Greetings. I've implemented a FIR filter in assembly language to be called from C. This is the prototype:
int16 fir(int16 new_sample, const int16 coefficient, int16 delay, int16 num_taps);
Nothing fancy here: each new sample is fed into the FIR as it arrives, and the output is used immediately. The assembly routine is pretty simple: a zero-overhead loop is used with a circular buffer for the delay array (state of circ. buffer is saved off as well). The MAC is used as follows:
A0 += R0.L * R1.L (IS) || R0.L = W[I1++] || R1.L = W[I2++];
Excluding overhead, the FIR takes one cycle per tap. This works fine, but I'd like to be able to cut that in half and take advantage of the Blackfin's dual MACs; perhaps something like this:
A0 += R0.L * R1.L, A1 += R0.H * R1.H (IS) || R0 = [I1++] || R1 = [I2++];
This would accumulate even taps in A1 and odd taps in A0, and run twice as fast as the original routine. The only problem with this is that after the first sample is added to the delay array, the circ. buffer gets adjusted by 2 bytes, which then means that a 32-bit access through the circ. buffer won't be properly aligned.

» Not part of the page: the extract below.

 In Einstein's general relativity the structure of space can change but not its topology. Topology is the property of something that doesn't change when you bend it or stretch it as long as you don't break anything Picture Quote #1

Am I missing something about Blackfin programming? I'm absolutely brand new to Blackfin, so it wouldn't surprise me! I've looked at the fir tutorial example, which would work fine except that it calculates two outputs per FIR loop, requiring two inputs at a time. I'm looking to get a filtered output as soon as possible after receiving a new sample.
Thanks for any ideas on this.